Net lesson: Get on with something current and useful to meet a need and (a) be careful not to spend too much time on those foundational topics and (b) in simple terms, for the historical documents, just f'get about them.
The thing about a lot of these classic papers is that they are often not very easy to digest compared with modern retellings of their subject matter. They typically represent the genesis of an idea that became influential and has since been popularized.
Even if the paper's authors are gifted writers (which isn't common), these papers represent early iterations of the presentation of an idea. Later, people who specialize in writing will come along and refine the presentation.
There's a flipside to this viewpoint: it's often (though not always) helpful to read and know the original formulation of a concept. Even if there is a better subsequent development, the original statement is the idea as presented. More importantly, for ideas which have literally changed our understanding, they represent the border between the before and after worlds. Often much of what makes such explanations so foreign is that we come to them with our "after" minds, already fertilised with the ideas contained, rather than the beginner's mind, or the prior-belief-system's indoctrination, which is how contemporary readers would have arrived at the material.
Much derivative treatment of great ideas is itself not particularly good or clear, so readers and students are left with the problem of having to hunt down good sources. Better to specifically call these out if you know them rather than do cast a broad aspersion on the original authors' treatments.
This question arises often in the study of philosophy, as well as other fields, and though there are some original authors who are notoriously prickly (Hegel, by most accounts, Kant can be difficult), there are a surprising number who are clear, and even fun and amusing to read.
I'd say don't be afraid of original sources". If they prove difficult, look for recommended better treatments. But if you can* rely on originals.

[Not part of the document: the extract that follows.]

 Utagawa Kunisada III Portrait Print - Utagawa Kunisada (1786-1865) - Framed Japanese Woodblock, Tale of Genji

I tried feeding the DOIs to Sci-Hub but unfortunately they don't have these documents yet. If anyone here has access may I suggest submitting them to Sci-Hub or Library Genesis? It is, after all, a bit odd to see papers like "Prior Analytics (~350 BCE)" and "The True Method (1677)" hidden behind a paywall.

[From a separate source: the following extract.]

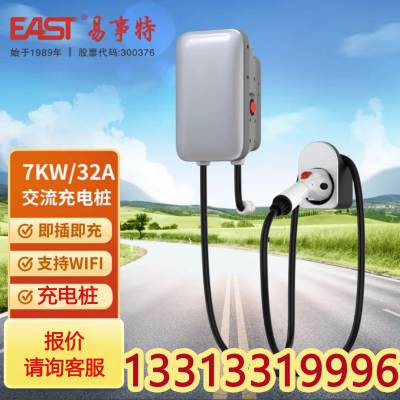 ؿԴֱʽ׮ͨ380Vóվ60KW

I believe if you search the title ("Ideas That Created the Future") of the book, you can find it on library genesis. If anyone asks, you didn't hear it from me.

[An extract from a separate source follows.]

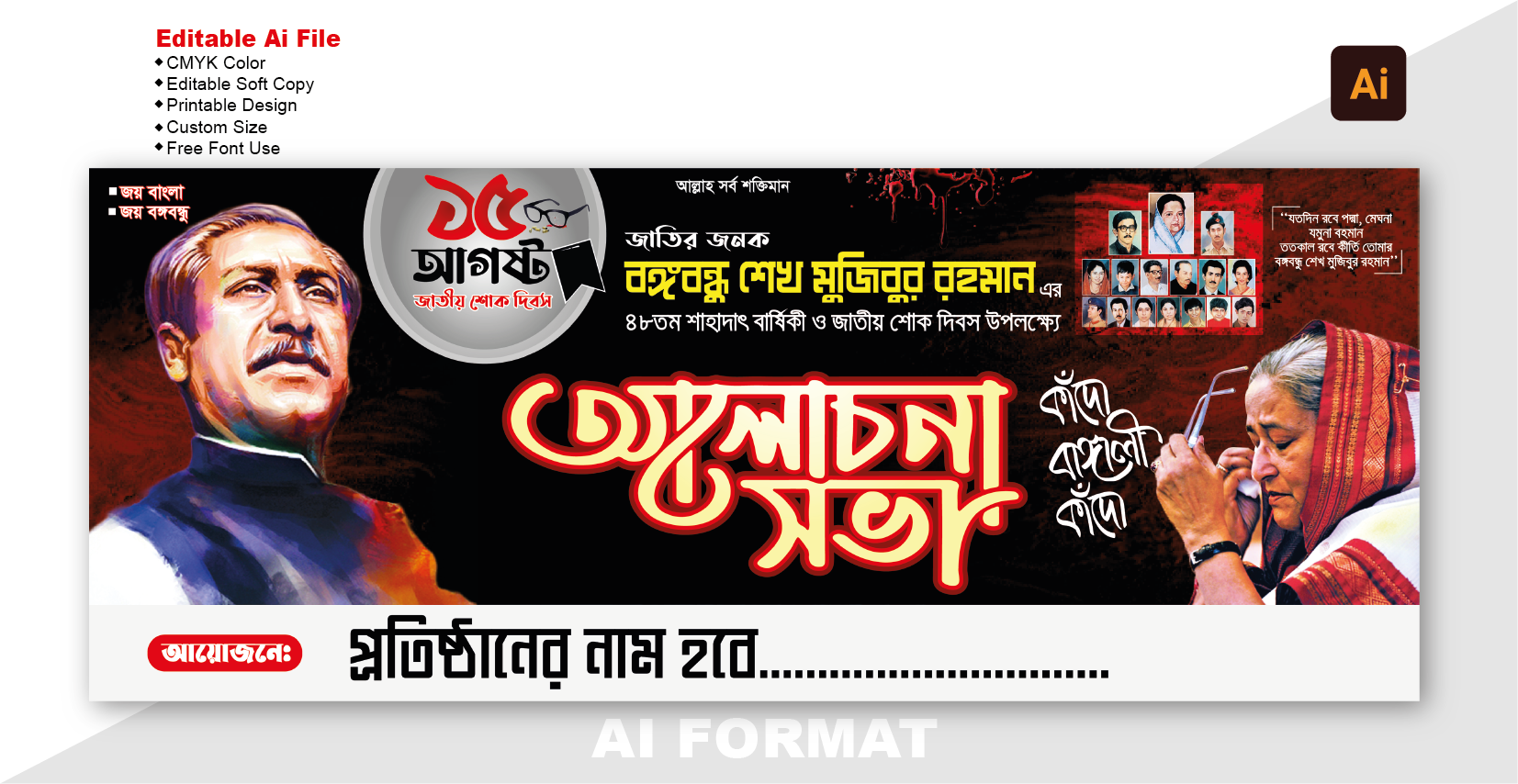 ১৫ আগস্ট আলোচনা সভা ব্যানার | 15august alochona shova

If you don't want to sign up or pay for this particular source, you can use your favorite search engine, enter in the title from the papers, and find all of them online for free.
I'd also wager that, like the book these come from, the PDFs linked here are edited (some for conforming to modern notation, others for fitting into the book itself) versions of the papers. If you use a search engine and find the actual papers, you can find the unedited versions.